If you were hoping to dodge your taxes by invoking the Constitution, you might want to rethink that argument — the Internal Revenue Service is already way ahead of you.
The agency has released an 84-page document entitled “The Truth About Frivolous Tax Arguments” just in time for tax season. The publication lists and refutes a series of legal arguments it's heard from taxpayers looking for a way out of filing returns or paying up.
The publication cites numerous cases in which it beat wannabe tax dodgers who brought their claims to court.
Classics include the argument that taxpayers don't have to file returns or provide financial information because they are protected against self-incrimination under the Fifth Amendment. Naturally, there's no constitutional right to refuse to file an income tax return, but that didn't deter a handful of tax dodgers from taking their gripes to court on those grounds.
The IRS cited six decisions against tax protesters, plus a revenue ruling issued in 2005, warning others who were hoping to plead the Fifth and avoid filing.
The IRS also detailed a series of fictitious legal arguments it's heard from people who don't want to file their returns. For instance, the IRS is not an agency of the United States because it wasn't created by an act of Congress.
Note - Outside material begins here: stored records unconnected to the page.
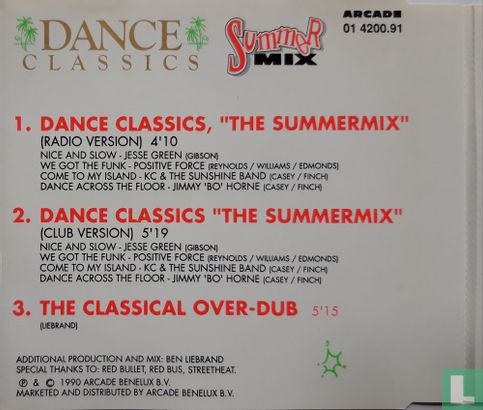 Dance Classics Summermix - Afbeelding 2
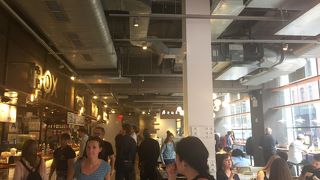 タイムズスクエアを見ながら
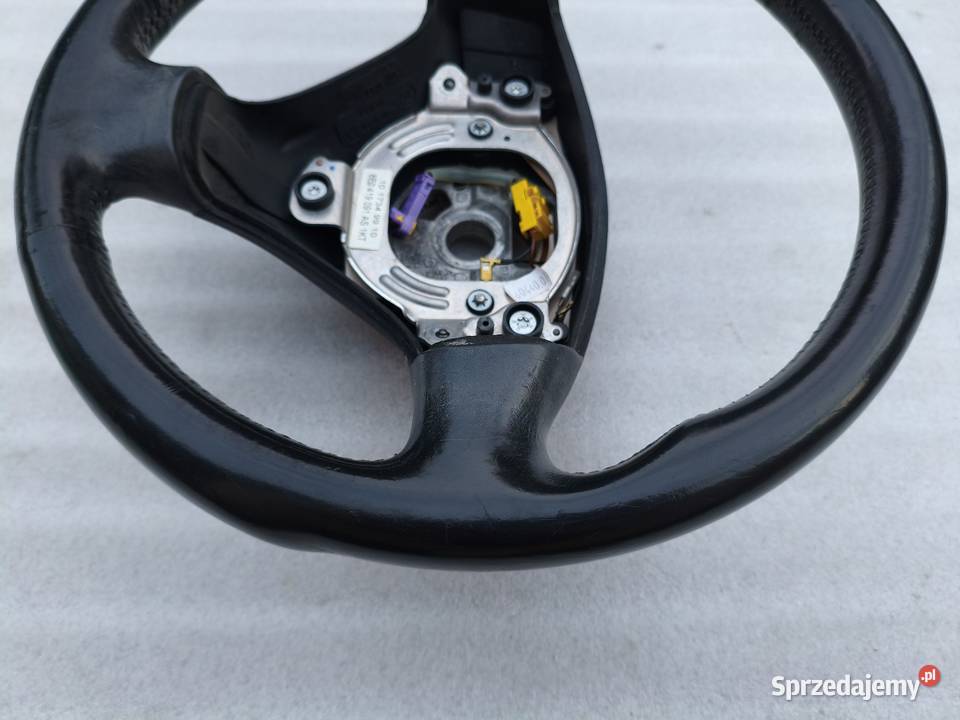 Skórzana Kierownica Audi A4 B6 8E0419091AS osobowe Kierownice Wyszków
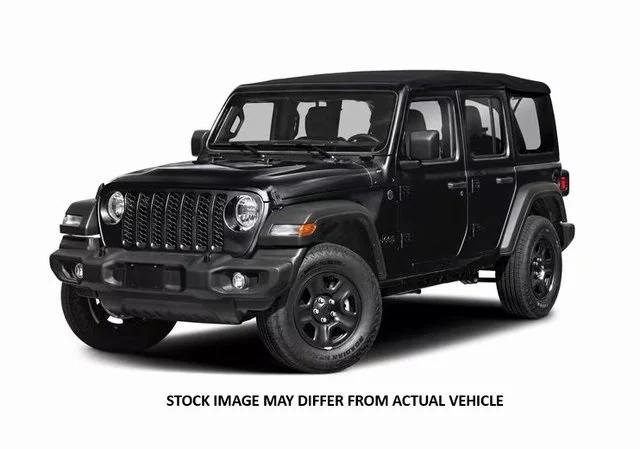 2025 Jeep Wrangler WRANGLER 4-DOOR SAHARA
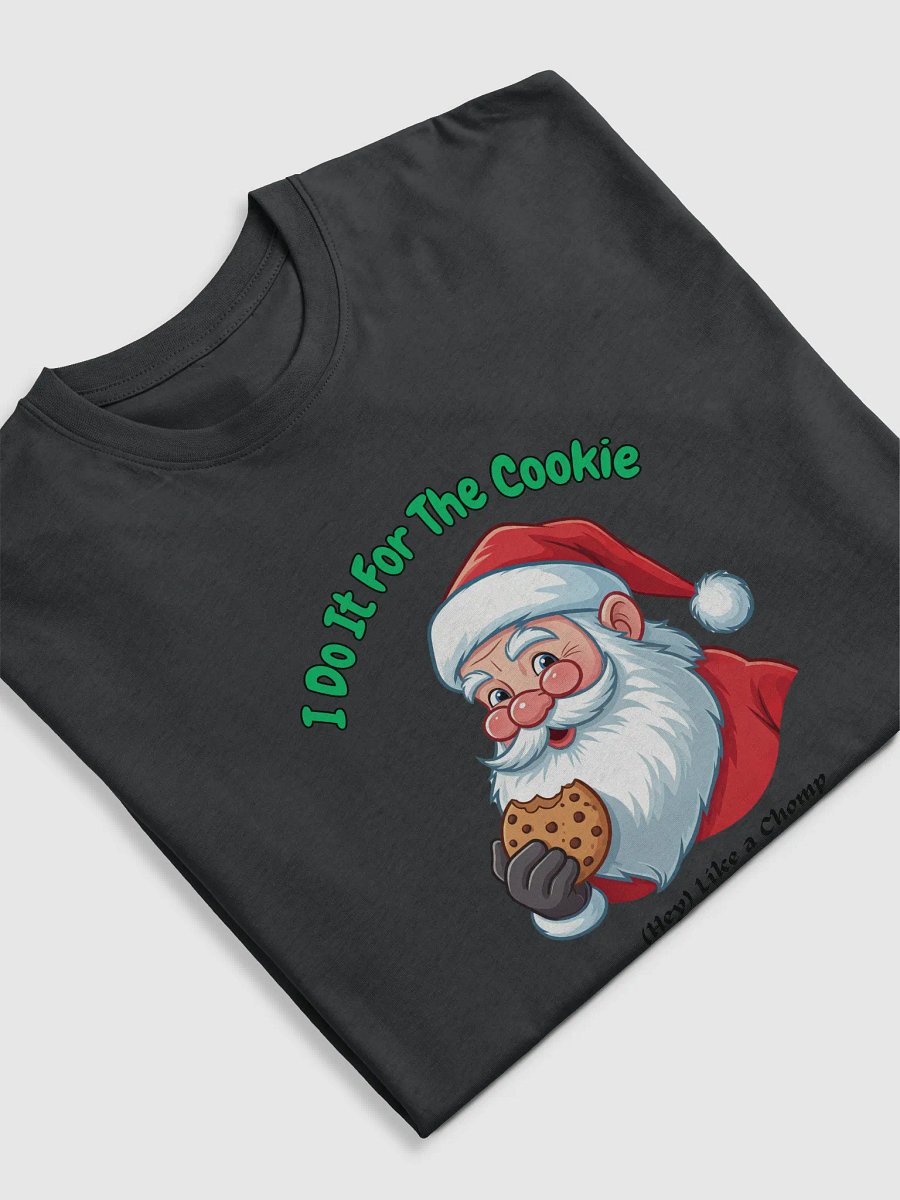 Santa's Cookie Hunt Men's Tee product image (5)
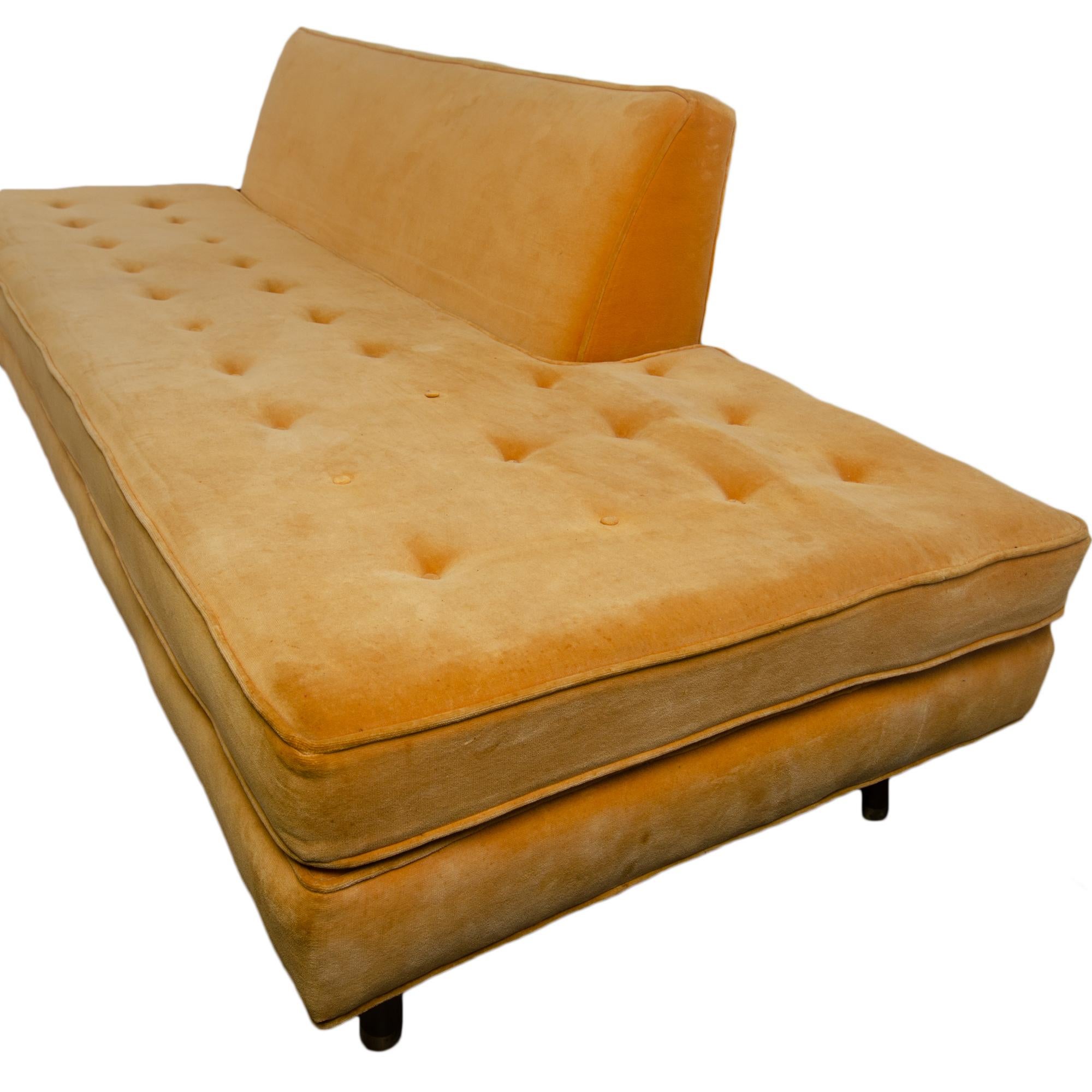 Mid-Century Modern Harvey Probber Sectional Sofa For Sale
Ironically, a trio of tax preparers — Eddie Ferrand, Glenda F. Elliott and William N. Kennedy — had used this reasoning in April 2006, when they understated income on their clients' tax returns based on the assertion that the IRS is an illegal organization. A federal district court in Louisiana permanently barred the three from preparing tax returns.
Given the steep monetary penalties waiting for tax dodgers, it might make better sense to just file and pay up. Americans filing groundless or frivolous suits in an attempt to dodge their taxes face penalties as high as $25,000. Since making false statements under a tax return and attempting to evade taxes are felonies, offenders can face three to five years in prison and a $250,000 fine.
“Like moths to a flame, some people find themselves irresistibly drawn to the tax protester movement's illusory claim that there is no legal requirement to pay federal income tax, and like moths, these people sometimes get burned,” wrote Justice Michael Stephen Kanne of the Seventh Circuit Court of Appeals in his 1991 decision against tax protester Lorin G. Sloan.